SYNTHESIS OF A UNIVERSAL UAV REGULATOR FOR A VIRTUAL NON-ORTHOGONALLY CONFIGURATIVE INERCIAL SENSORS

Abstract

The article is focused on the problems of the synthesis of robust control systems designed for operation on unmanned aerial vehicles. The main goal of the research is to develop an algorithm for synthesizing the robust law of unmanned aerial vehicle movement using a non-orthogonal measuring instrument, which represents the redundant configuration of gyroscopic sensors based on the technology of microelectromechanical systems. The development of the controller was carried out on the basis of robust structural synthesis. To achieve this goal, a model of the longitudinal movement of an unmanned aerial vehicle was developed. The state, control, and observation matrices of this model were determined using Aerosim technology using the MatLab system.

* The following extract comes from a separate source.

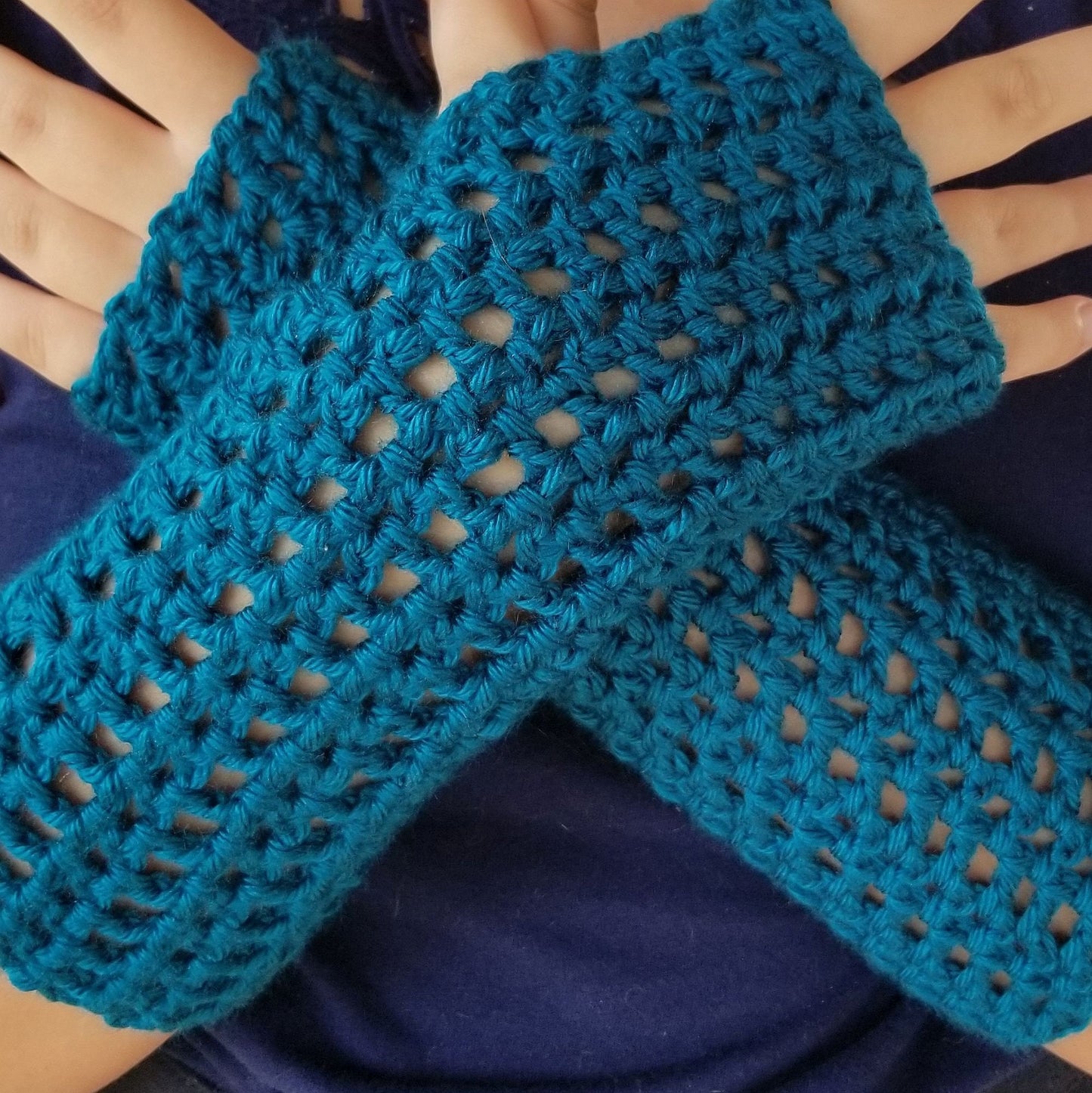 Mesh Fingerless Gloves Crochet Pattern, PDF Digital Download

To solve this problem, methods of the theory of flight control were used in terms of creating a model of the longitudinal movement of the unmanned aerial vehicle; methods for constructing redundant non-orthogonal configurations of inertial sensors of moving vehicles; methods of modern control theory regarding the creation of robust structural synthesis algorithms,  and methods of mathematical modeling.

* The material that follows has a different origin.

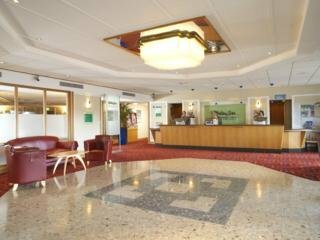 Hotel Express By Holiday Inn Luton Hemel M1, Jct 9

The article presents the results of modeling a synthesized system in the form of transient processes for step and impulse inputs. The given graphical dependences demonstrate a high quality of control processes under the action of disturbing influences. The results can be useful for moving vehicles of a wide class, which use redundant measuring systems, but it is the most appropriate to use them in the problems of controlling unmanned aerial vehicles.